Work task
From the line that contains "Images Dated 29th" to the last line of the data, every line is to be transcribed exactly; no other line is to be included.

Data entries
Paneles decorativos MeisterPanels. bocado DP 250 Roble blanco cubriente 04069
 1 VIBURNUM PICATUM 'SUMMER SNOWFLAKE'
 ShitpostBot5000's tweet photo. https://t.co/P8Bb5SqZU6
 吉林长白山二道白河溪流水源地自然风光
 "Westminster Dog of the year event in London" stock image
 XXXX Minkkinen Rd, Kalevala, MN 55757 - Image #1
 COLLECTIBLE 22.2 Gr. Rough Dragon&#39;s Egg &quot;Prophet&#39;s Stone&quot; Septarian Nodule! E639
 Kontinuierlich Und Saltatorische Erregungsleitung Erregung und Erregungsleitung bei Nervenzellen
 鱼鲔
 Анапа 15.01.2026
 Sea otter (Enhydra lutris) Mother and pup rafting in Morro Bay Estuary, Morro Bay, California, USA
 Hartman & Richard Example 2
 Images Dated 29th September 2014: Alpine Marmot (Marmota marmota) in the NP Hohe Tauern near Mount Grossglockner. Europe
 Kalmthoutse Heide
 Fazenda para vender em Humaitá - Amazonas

Reply to the task
 Images Dated 29th September 2014: Alpine Marmot (Marmota marmota) in the NP Hohe Tauern near Mount Grossglockner. Europe
 Kalmthoutse Heide
 Fazenda para vender em Humaitá - Amazonas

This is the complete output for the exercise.